## [WORK TASK]
Keep the lines exact and the pictures out as you repeat the following listing.

## [DATASET CONTENT]
►

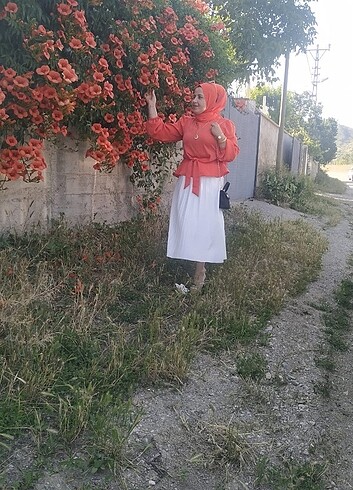 Önden bağlamalı bluz 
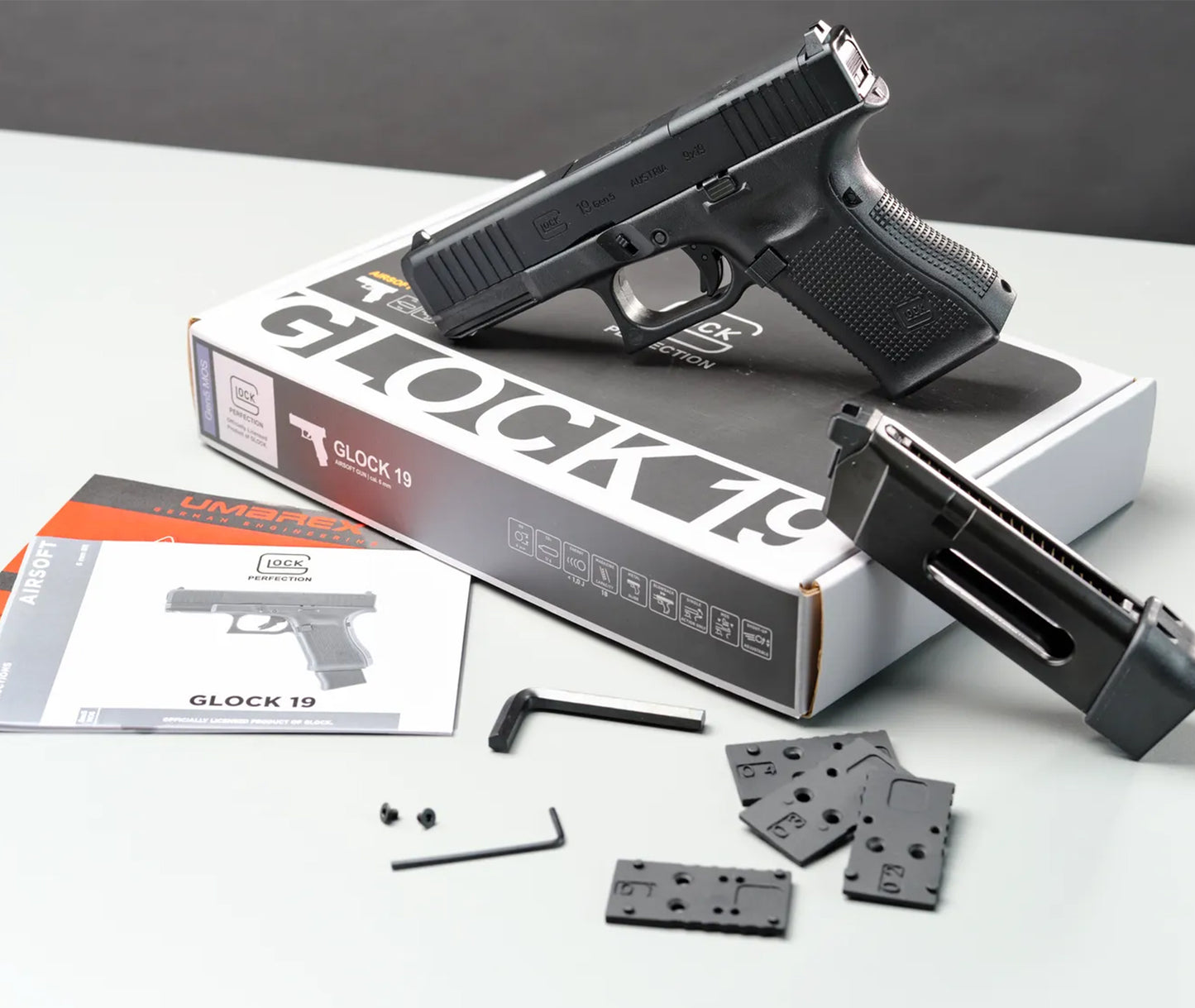 2.6552 - GLOCK 19 Gen5 MOS BLK 6mm CO2 1J 18R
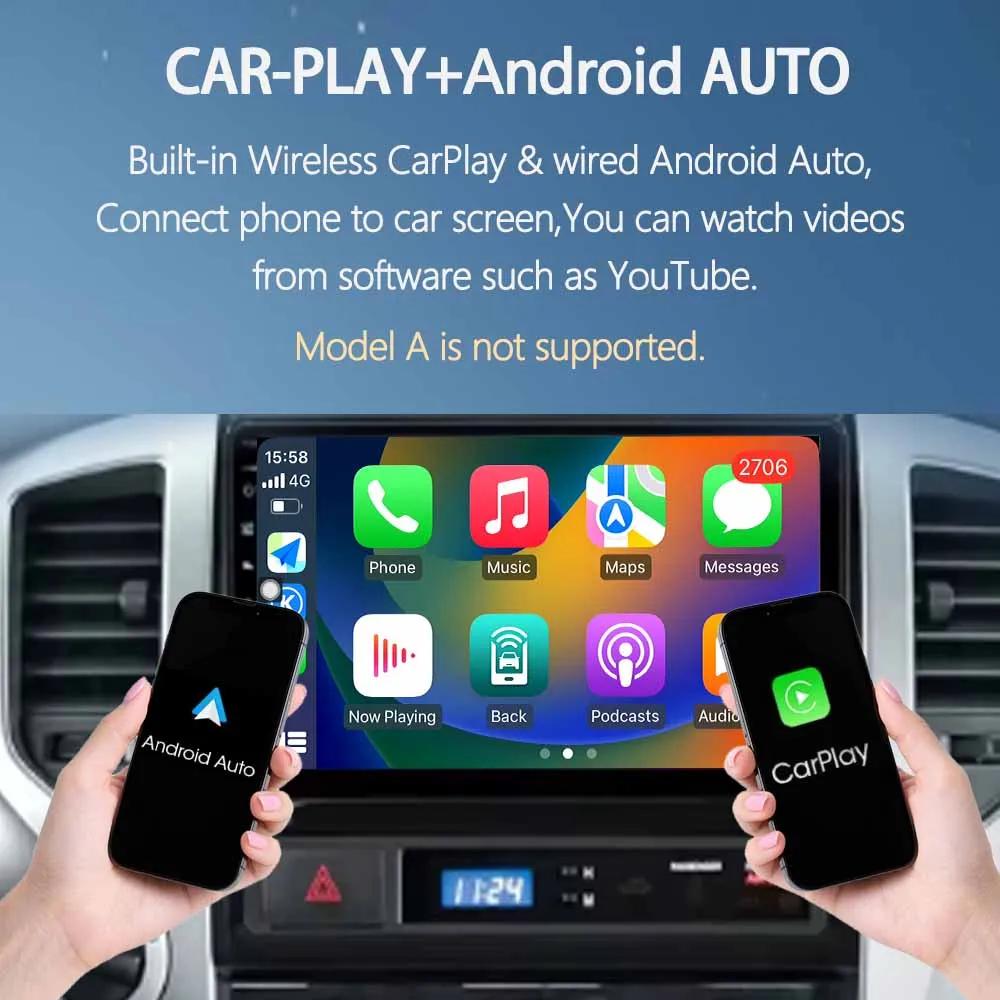 Android 15 for Fiat 500L 2012-2018 Wireless Carplay Stereo Screen Car Radio GPS Navigation Multimedia Player 4G WIFI Head Unit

◄

## [FINISHED TASK]
 Önden bağlamalı bluz 
 2.6552 - GLOCK 19 Gen5 MOS BLK 6mm CO2 1J 18R
 Android 15 for Fiat 500L 2012-2018 Wireless Carplay Stereo Screen Car Radio GPS Navigation Multimedia Player 4G WIFI Head Unit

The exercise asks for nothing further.